=== WORKING DATA ===
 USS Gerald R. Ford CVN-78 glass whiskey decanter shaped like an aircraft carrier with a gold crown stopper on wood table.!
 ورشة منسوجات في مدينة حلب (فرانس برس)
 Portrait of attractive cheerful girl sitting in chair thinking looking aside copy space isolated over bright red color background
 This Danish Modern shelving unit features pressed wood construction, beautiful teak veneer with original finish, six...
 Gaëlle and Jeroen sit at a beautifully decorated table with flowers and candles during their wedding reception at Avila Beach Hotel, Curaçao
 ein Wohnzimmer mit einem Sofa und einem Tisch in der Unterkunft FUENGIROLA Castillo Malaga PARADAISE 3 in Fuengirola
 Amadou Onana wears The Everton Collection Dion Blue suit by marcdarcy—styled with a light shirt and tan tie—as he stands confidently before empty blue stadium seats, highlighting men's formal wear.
* * *
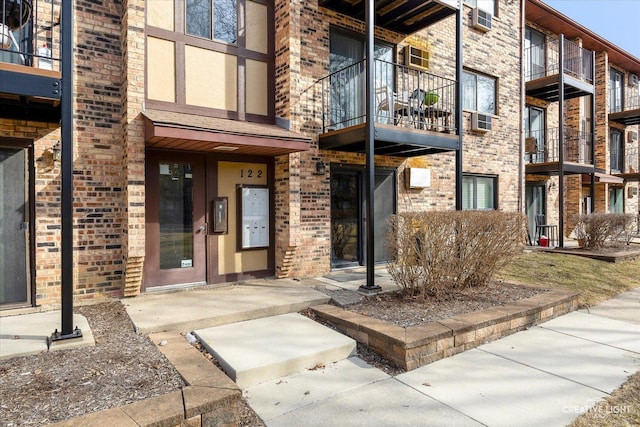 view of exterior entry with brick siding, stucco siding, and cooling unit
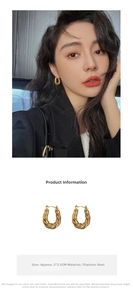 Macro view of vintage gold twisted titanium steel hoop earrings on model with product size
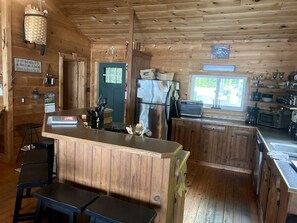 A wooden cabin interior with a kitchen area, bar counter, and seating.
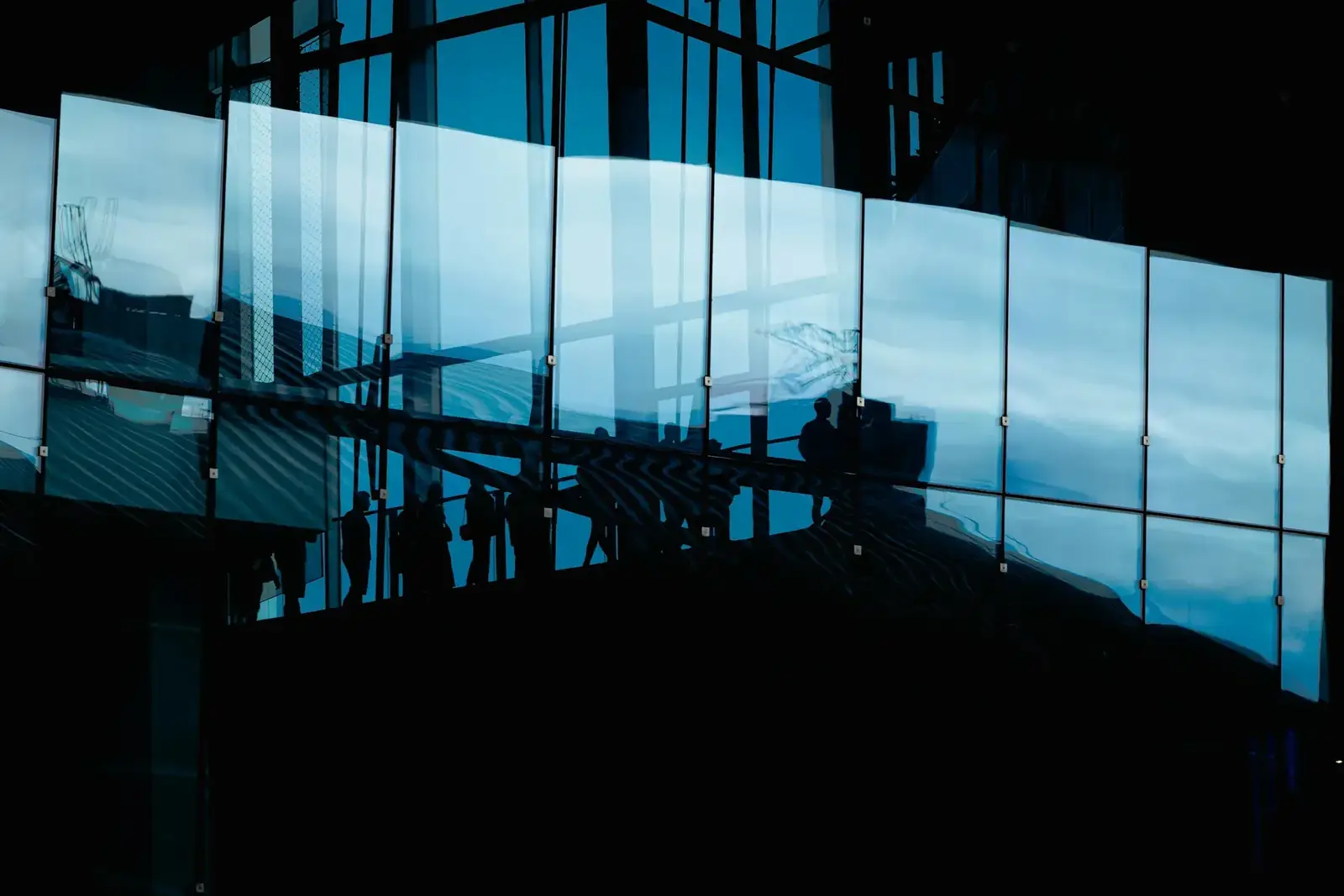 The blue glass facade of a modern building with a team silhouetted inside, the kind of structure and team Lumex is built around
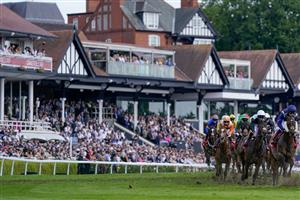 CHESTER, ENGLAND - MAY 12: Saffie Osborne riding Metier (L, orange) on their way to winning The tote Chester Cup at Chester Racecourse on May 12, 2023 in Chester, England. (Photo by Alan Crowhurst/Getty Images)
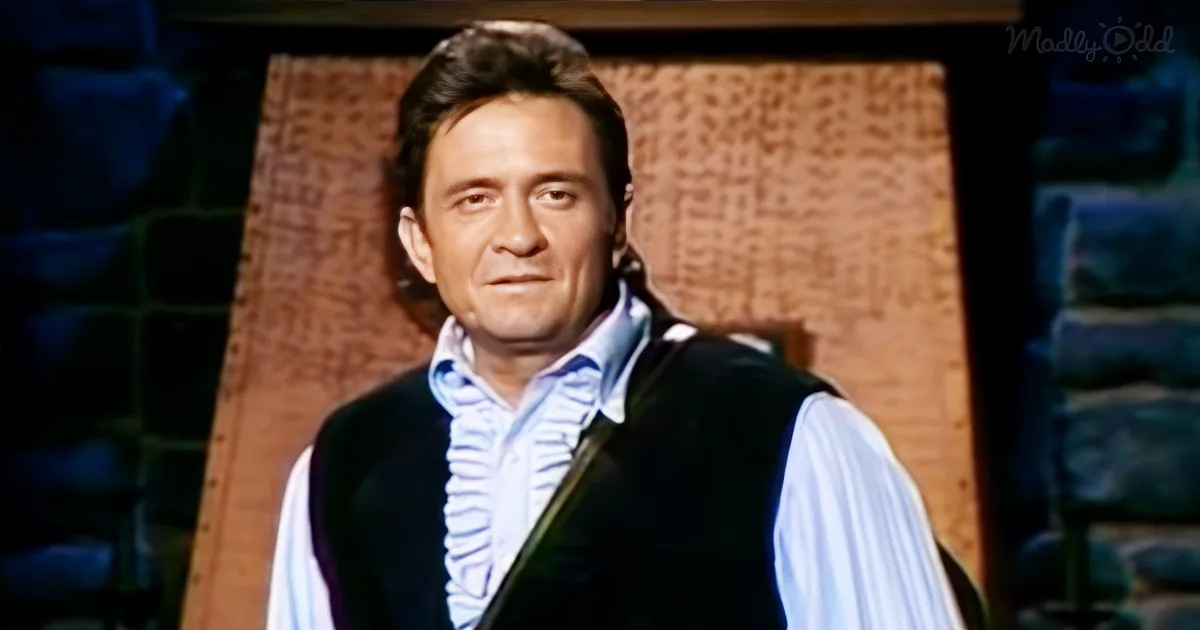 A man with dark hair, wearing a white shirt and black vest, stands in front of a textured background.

=== EXERCISE DESCRIPTION ===
Once you find the line with "This Danish Modern" above, print it and every line after it up to and including the line with "Amadou Onana wears", exactly as written and nothing else.

=== REPLY TO THE EXERCISE ===
 This Danish Modern shelving unit features pressed wood construction, beautiful teak veneer with original finish, six...
 Gaëlle and Jeroen sit at a beautifully decorated table with flowers and candles during their wedding reception at Avila Beach Hotel, Curaçao
 ein Wohnzimmer mit einem Sofa und einem Tisch in der Unterkunft FUENGIROLA Castillo Malaga PARADAISE 3 in Fuengirola
 Amadou Onana wears The Everton Collection Dion Blue suit by marcdarcy—styled with a light shirt and tan tie—as he stands confidently before empty blue stadium seats, highlighting men's formal wear.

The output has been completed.